After Fox News Sunday host Chris Wallace actually asked former Bush adviser Karl Rove if his old boss was guilty of abusing his executive powers during a discussion on John Boehner's announcement that he plans to sue the White House for Obama's use of signing statements, Rove actually had the audacity to call President Obama an "imperial president" and to say he has been acting like King George III.

President Obama did go back on his promise not to use signing statements to circumvent the law, and we can argue about whether he would have resorted to using them or not if he wasn't dealing with a completely obstructionist Congress that has absolutely no interest in governing, but just scoring cheap political points at every move instead.

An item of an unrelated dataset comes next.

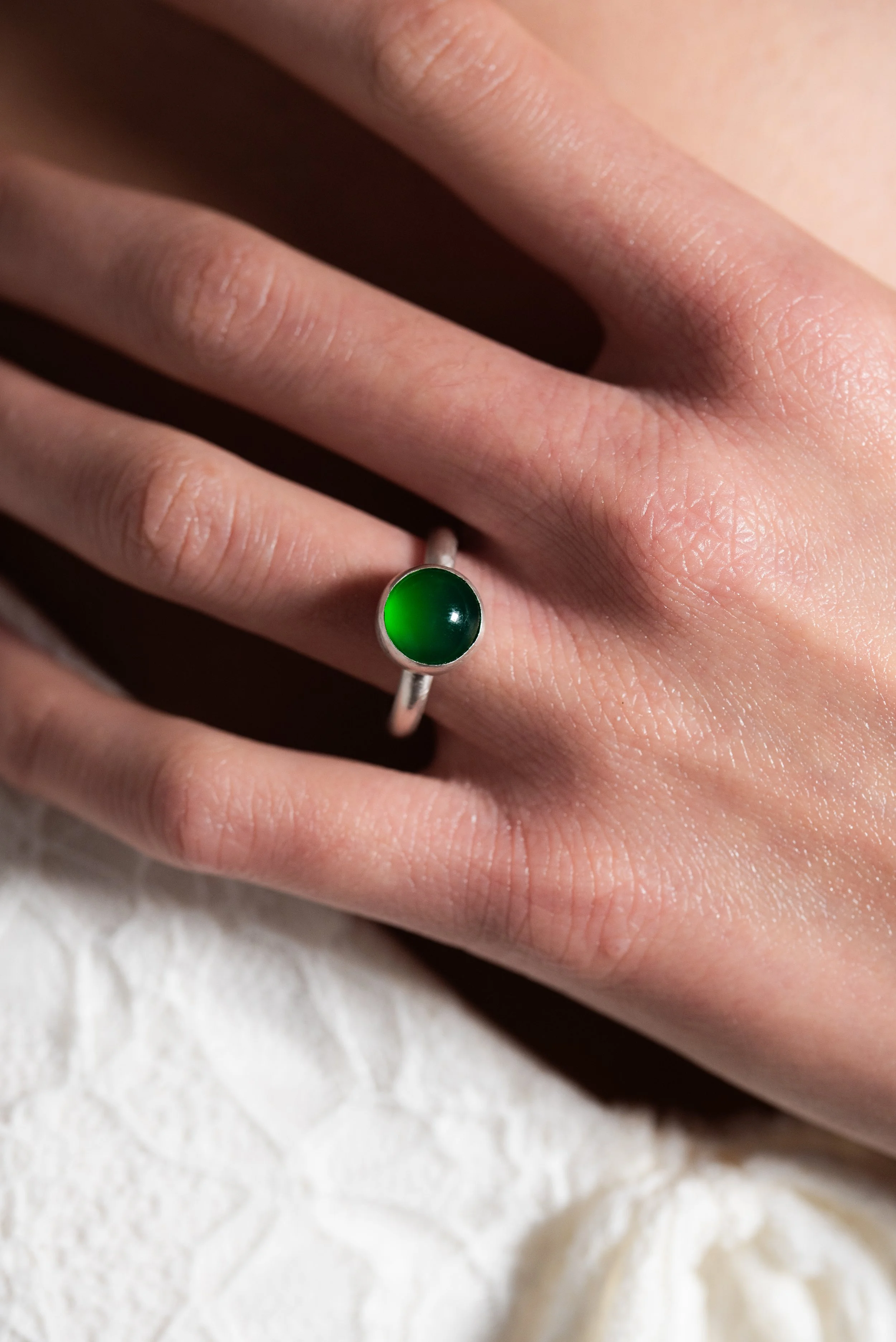 Silver "Victoria" ring, 10mm cabochon, green agate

Pardon me if I don't want to hear from a single hypocrite from the Bush administration on this one. Contrary to Rove's remarks here, "78 percent of President Bush’s more than 150 signing statements have raised constitutional or legal objections." Bush's presidential signing statements were used to nullify laws, to the tune of about 30 percent of them.

And if anyone needs a reminder of what they were used for, here you go:

A panel of legal scholars and lawyers assembled by the American Bar Association is sharply criticizing the use of "signing statements" by President Bush that assert his right to ignore or not enforce laws passed by Congress.

In a report to be issued today, the ABA task force said that Bush has lodged more challenges to provisions of laws than all previous presidents combined. [...]

The report seemed likely to fuel the controversy over signing statements, which Bush has used to challenge laws including a congressional ban on torture, a request for data on the USA Patriot Act, whistle-blower protections and the banning of U.S. troops in fighting rebels in Colombia.

Administration officials describe them as a part of routine presidential practice.

"Presidents have issued signing statements since the early days of our country," White House spokeswoman Dana Perino said yesterday. "President Bush's signing statements are consistent with prior administrations' signing statements. He is exercising a legitimate power in a legitimate way."

Bush has vetoed only one bill since taking office, a bill approved by Congress last week relaxing his limits on federal funding for human embryonic stem cell research. But he has on many occasions signed bills, then issued statements reserving the right not to enforce or execute parts of the new laws, on the grounds that they infringe on presidential authority or violate other constitutional provisions.

Perhaps the most prominent example was legislation last year banning cruel, inhumane or degrading treatment of prisoners at U.S. detention centers. Bush signed the bill into law after a struggle with Congress, then followed it with an official statement indicating that he might waive the ban under his constitutional authority as commander in chief, if necessary to prevent a terrorist attack.

But it's President Obama that's acting like George III. Spare me. Here's a list of President Obama's signing statements since he took office for anyone that wants to wade through them. There are 27 of them to Bush's 162.

Full transcript via Fox.

WALLACE: Karl, I think it's fair to say you worked at a White House that took a pretty expansive view of executive powers, whether it was signing statement s by President Bush when he was signing bills into law or the way he waged the war on terror. Can you honestly say that you believe this president is going further than President Bush did in exercising his executive powers?

ROVE: Absolutely.

First of all, let's divorce international. The president is given under the Constitution broad authority in waging war independent of the Congress. But when it comes to the execution of the laws passed by Congress, the statutes, a president must first and foremost look whenever they take an executive action, an executive order, for example, they must look for, is there a statutory basis to do so? I remember plenty of times as we discussed executive orders, the counsel's office and other legal authorities inside the administration were weighing in on what was the statutory authority for the president to take his action.

One of the instants was we reviewed, does the president have authority to take a class of individuals and exempt them from the enforcement of immigration laws? And the lawyers came back and said, you have an ability to exempt individuals but no ability to exempt a class. And yet, this president has exempted a class of people from enforcement of immigration laws.

Where -- I actually read the Affordable Care Act. I can find little or no authority at all for the 39 exemptions that he's gotten. There's no statutory in the law that says the president can delay the individual mandate, delay the employer mandate.

(CROSSTALK)

WALLACE: What about (INAUDIBLE) that you hear from Congressman Becerra that this is the implementation of law?

ROVE: Look, look, the Constitutions says, Article 1, the legislative branch is the Congress. The legislative power is embodied in the House of Representatives in the United States Senate. It does not say the legislative power is shared between the president and the Congress.

Now, there's been this tension for 200-some odd years, but this president, again, where -- he delayed in the employer mandate, not only the employer mandate, but the tax that is collected as a result of this. This is imperial power. This is George III. This is some monarch to say I am the law.

And, frankly, the House suit, which will not be a Republican suit, it will be a suit on behalf of the institution of the House, saying our authority under the first article of the Constitution is being impaired by the president's actions I think is going to be important for the country over the long term.